Write out all the material verbatim, line by line.

[[ RECORD EXCERPTS, beginning ]]

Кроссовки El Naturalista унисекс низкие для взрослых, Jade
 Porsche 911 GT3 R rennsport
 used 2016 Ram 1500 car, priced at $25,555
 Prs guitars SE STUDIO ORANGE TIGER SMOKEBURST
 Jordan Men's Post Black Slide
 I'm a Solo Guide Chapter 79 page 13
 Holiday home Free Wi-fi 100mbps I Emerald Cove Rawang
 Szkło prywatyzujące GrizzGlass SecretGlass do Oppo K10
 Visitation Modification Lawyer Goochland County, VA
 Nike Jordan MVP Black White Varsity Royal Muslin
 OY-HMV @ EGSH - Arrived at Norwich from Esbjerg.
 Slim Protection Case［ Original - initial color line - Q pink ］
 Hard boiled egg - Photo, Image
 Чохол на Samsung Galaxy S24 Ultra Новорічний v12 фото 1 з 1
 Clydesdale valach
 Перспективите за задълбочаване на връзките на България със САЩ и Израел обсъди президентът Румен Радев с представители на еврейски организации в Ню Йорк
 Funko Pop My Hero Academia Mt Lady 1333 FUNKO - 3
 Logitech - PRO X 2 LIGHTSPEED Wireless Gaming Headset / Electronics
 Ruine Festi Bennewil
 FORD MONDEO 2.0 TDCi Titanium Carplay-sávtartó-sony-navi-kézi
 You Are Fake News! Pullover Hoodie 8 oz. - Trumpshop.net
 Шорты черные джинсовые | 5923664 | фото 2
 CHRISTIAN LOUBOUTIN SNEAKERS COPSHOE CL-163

[[ RECORD EXCERPTS, end ]]

▸ **RESULT FOR THIS EXERCISE**:
Кроссовки El Naturalista унисекс низкие для взрослых, Jade
 Porsche 911 GT3 R rennsport
 used 2016 Ram 1500 car, priced at $25,555
 Prs guitars SE STUDIO ORANGE TIGER SMOKEBURST
 Jordan Men's Post Black Slide
 I'm a Solo Guide Chapter 79 page 13
 Holiday home Free Wi-fi 100mbps I Emerald Cove Rawang
 Szkło prywatyzujące GrizzGlass SecretGlass do Oppo K10
 Visitation Modification Lawyer Goochland County, VA
 Nike Jordan MVP Black White Varsity Royal Muslin
 OY-HMV @ EGSH - Arrived at Norwich from Esbjerg.
 Slim Protection Case［ Original - initial color line - Q pink ］
 Hard boiled egg - Photo, Image
 Чохол на Samsung Galaxy S24 Ultra Новорічний v12 фото 1 з 1
 Clydesdale valach
 Перспективите за задълбочаване на връзките на България със САЩ и Израел обсъди президентът Румен Радев с представители на еврейски организации в Ню Йорк
 Funko Pop My Hero Academia Mt Lady 1333 FUNKO - 3
 Logitech - PRO X 2 LIGHTSPEED Wireless Gaming Headset / Electronics
 Ruine Festi Bennewil
 FORD MONDEO 2.0 TDCi Titanium Carplay-sávtartó-sony-navi-kézi
 You Are Fake News! Pullover Hoodie 8 oz. - Trumpshop.net
 Шорты черные джинсовые | 5923664 | фото 2
 CHRISTIAN LOUBOUTIN SNEAKERS COPSHOE CL-163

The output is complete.